WEB本の雑誌

4月9日(火)

 直行で取次店さんを廻る。『岸和田少年愚連隊 完結篇』事前注文分の短冊を渡す。何だかこの日はホッとする。やっとこれで1冊新刊の営業活動が終わったのだといった、ある種達成感が湧く。

 しかし、訪問できなかった書店さんがあったり、目標まで達成していなかった場合は、逆にうしろめたい気分に襲われたりするもの。100%思い通りにこの日を迎えることはほとんどないので、いつもちょっと残念な気持ちが残る。ああすれば良かった、こうすれば良かったとひとつひとつ思い浮かべて後悔してしまうのだ。

 しかし、すでに次の新刊である吉野朔実著『弟の家には本棚がない』の営業活動もシンクロして始まっており、また既刊分や売行き良好書の営業もしなければならない。常に何かに追われているようで恐ろしい。たぶんどんな仕事も同じなんだろうなあと考えながら、当HP『ほんや横丁』でお世話になっている東京ランダムウォーク六本木店を訪問しようと市ヶ谷から南北線に乗り込んだ。
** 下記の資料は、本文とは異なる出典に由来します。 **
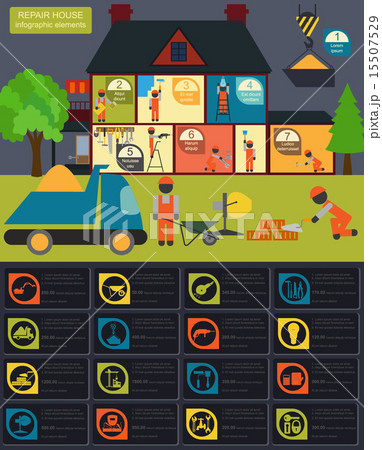 House repair infographic, set elements House repair infographic, set elements 15507529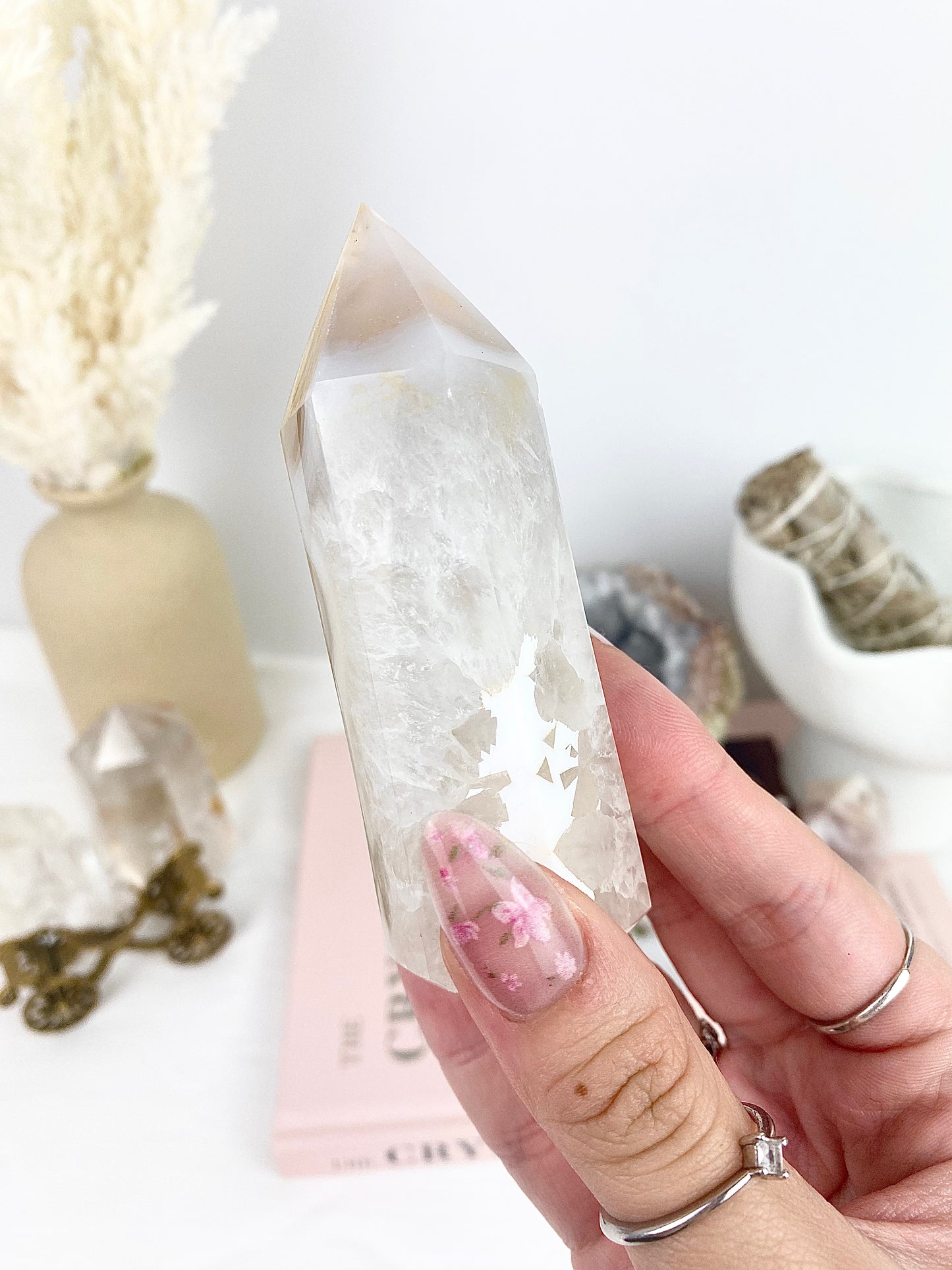 ✿ High Quality Flower Agate with Quartz Tower —1. ✿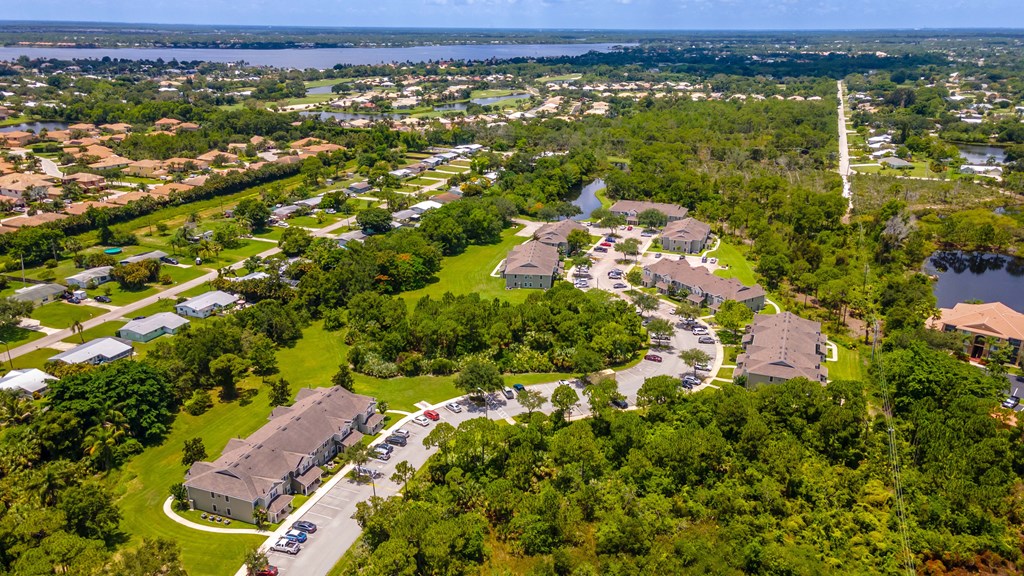 an aerial view of a neighborhood with houses and trees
 六本木1丁目で降り、地上に出る。ところがどこをどう歩いて、どちら方面に向かったら東京ランダムウォークに着くのかわからない。あれ?おかっしいなあ、何回も来たはずなのにどうしてだ。そういえば、いつも六本木駅から坂を下ってお店を訪問し、その後ここから電車に乗り市ヶ谷に向かっていたのだ。今日はいつもと逆だから見慣れないのかもしれないと周辺をうろつく。しかし、それにしてはまったく見たことのない建物ばかり。おかしい、おかしいと考えているうちに駅の場所すらわからなくなってしまった。

 会社に電話を入れ、事務の浜田に泣きついた。
「あのさ、迷子になっちゃったんだけど」
「えっ?」
「渡辺さんのお店に行きたいんだけど、どこだかわからないんだよ」
「えっ、杉江さんは今どこにいるんですか?」
と言いながらガサゴソと地図を開く音がした。

「で、杉江さんが今いるところは?」
「それがわかっていれば、電話しないでしょ。さっき、六本木1丁目の駅から出たんだけど、それからうろついて今どこだかわからないんだよ」
「じゃあ、私にもわかりませんよ。角を3回同じ方向に曲がれば元の位置に戻るはずですよ」
と電話を切られてしまった。恥を忍んで電話したというのに…。

 東京はとても冷たいところだ。30過ぎの男が涙目でうろついているのに誰も声をかけてくれない。そもそもこの辺を歩いている人に「東京ランダムウォークはどこですか?」と聞いて通じるのだろうか? うーん、どうしたら良いんだと適当に歩き回っていると、営団地下鉄のマークを発見する。おかしい、あれだけ歩いてまた「六本木1丁目」の表示ではないか…。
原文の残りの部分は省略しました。